I want to show you some of the various “Tyrannosaurs” that have passed for true and scientifically accurate reconstructions. I’m finding the logistics a bit tricky, so wish me luck.

This was Settled Science in the 1800s. The statue is supposed to be Megalosaurus, the first dinosaur to be given a scientific name; but it belongs to the same general group as Tyrannosaurus and one could be easily mistaken for the other. This was the monster featured in Sir Arthur Conan Doyle’s The Lost World.

In the 1940s we had Rudolph Zallinger’s T. rex in his mural at the Peabody Museum, and toy makers stuck to his reconstruction–complete with huge beer-belly. Zallinger’s mural is awe-inspiring. I’m afraid the toy was not.

In the 1950s and 60s, T. rex shed his beer belly and learned to stand bolt-upright like a human being. Here he is in The Land Unknown (1957), one of my absolute favorite movies when I was eight years old.

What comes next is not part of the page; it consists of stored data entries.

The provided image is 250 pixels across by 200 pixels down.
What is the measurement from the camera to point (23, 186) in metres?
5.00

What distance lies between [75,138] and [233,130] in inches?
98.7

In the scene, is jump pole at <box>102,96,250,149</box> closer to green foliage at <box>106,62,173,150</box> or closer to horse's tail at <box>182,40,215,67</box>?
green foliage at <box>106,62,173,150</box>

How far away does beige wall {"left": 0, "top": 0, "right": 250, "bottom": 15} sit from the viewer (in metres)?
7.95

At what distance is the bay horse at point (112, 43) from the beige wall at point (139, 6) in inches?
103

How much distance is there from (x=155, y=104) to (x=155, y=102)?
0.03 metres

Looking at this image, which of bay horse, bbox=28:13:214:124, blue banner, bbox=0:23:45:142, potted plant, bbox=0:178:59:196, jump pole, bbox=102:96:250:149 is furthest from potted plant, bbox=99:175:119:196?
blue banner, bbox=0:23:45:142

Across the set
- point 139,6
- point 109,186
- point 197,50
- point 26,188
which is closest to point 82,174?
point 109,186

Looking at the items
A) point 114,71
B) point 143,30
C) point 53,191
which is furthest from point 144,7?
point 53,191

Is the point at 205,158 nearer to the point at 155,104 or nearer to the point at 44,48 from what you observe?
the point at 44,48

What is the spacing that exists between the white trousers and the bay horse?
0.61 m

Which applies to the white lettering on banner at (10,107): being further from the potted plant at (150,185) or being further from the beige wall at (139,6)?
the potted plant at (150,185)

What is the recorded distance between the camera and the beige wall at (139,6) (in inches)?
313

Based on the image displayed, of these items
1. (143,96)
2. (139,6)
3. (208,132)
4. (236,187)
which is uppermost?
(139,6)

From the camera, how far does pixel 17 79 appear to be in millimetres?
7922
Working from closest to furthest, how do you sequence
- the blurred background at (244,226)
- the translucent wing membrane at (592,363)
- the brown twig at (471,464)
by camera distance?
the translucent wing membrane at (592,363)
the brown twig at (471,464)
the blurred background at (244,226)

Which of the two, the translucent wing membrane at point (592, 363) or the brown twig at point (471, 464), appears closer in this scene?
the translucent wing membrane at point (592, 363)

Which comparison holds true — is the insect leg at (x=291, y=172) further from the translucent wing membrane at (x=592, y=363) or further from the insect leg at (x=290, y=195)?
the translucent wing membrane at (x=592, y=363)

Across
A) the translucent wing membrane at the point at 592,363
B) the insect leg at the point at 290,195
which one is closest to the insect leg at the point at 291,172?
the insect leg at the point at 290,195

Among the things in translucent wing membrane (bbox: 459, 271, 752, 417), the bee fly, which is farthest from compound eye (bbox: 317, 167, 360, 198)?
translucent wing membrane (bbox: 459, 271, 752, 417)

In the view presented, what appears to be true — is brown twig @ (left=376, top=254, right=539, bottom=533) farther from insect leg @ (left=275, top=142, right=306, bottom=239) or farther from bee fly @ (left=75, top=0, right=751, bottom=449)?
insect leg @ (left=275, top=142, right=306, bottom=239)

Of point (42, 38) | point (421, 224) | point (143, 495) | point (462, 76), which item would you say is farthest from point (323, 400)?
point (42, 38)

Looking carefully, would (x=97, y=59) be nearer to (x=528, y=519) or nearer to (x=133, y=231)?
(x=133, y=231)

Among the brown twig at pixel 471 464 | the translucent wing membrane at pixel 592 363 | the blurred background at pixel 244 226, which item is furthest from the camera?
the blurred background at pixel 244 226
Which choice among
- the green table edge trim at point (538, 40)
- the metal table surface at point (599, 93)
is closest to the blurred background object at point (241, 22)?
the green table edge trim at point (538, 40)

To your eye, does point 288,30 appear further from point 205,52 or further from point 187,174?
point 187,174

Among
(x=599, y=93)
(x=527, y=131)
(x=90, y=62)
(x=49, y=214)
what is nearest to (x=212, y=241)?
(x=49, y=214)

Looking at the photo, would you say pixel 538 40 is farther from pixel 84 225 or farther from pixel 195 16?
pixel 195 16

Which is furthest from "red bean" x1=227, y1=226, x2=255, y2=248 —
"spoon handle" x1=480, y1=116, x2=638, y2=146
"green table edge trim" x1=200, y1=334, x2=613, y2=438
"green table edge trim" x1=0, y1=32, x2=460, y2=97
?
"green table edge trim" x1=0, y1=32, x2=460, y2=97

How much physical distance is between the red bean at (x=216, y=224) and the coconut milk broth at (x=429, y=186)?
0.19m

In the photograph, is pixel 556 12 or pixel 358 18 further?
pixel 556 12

Jurassic Park and its sequels gave us a Tyrannosaurus that was really scary, it could’ve eaten all the earlier models for breakfast. The science kept changing; and movie-making special effects technology changed even fast. However, T. rex was not going to be allowed to rest on these laurels

I call this the Skid Row Tyrannosaur. To me it looks like a giant wino. Slathering greasy, shabby feathers all over it doesn’t help at all. But if history is any guide, this monstrosity will be superseded–hopefully by something better. Or at least less unsightly.
There’s observational science; things we can observe, and it’s pretty hard to disprove something we can observe in our day. If pigs sprout wings and start flying around, then we know that pats can fly.
Then there’s historical science, which can’t be observed in our time. If we see a boulder at the bottom of a cliff, and an indentation where it had rested, at the top of the cliff, if doesn’t take Sherlock Holmes to piece together what happened, but, if someone wants to explain why it fell, it could be factual, such as evidence of an earthquake, or it could be blamed on flying pigs. No one was there to confirm, or refute, such a claim.
If there are no winged pigs in the fossil record, you can claim that they just haven’t been discovered as of yet, and your license to tell the tale is secure. Darwin stated that his transitional species were yet to be discovered, and he even admitted that without these, his theory falls apart, but over 150 years later, the transitional species are conspicuous in their absence I’m not certain that even Darwin would agree with neo-Darwinism.
The fact is, we have little to go on, with many fossils. My personal favorite, the State Dinosaur of Colorado, the Stegosaurus is known by relatively few fossil examples that are anywhere near complete. I’m not suggesting that all dinosaur representations are somehow false, but if all you have is hard tissue, or mineralized copies of bones, while they can piece together some ideas of the soft tissue structure, from muscle attachment points, etc. there is still some surmising that is bound to happen. They are welcome to it, but presenting this as settled science doesn’t strike me as honest.
Sometimes I think honest scientists are as extinct as the dinosaurs.
They aren’t even honest with themselves.
There is nothing honest about these reports. These people dedicate their whole lives to pushing these fantasies. It is just not worth considering. If there is no proof for things
I, for one, am not the least bit interested in their stories.
And that’s just what a lot of this has become. They make up stories to fit what scant evidence they have, and expect people to take these as fact.
I can’t help loving dinosaurs–always have, life-long. But I think I know whistling Dixie when I hear it.
That’s what they are doing. I think that they fear the facts.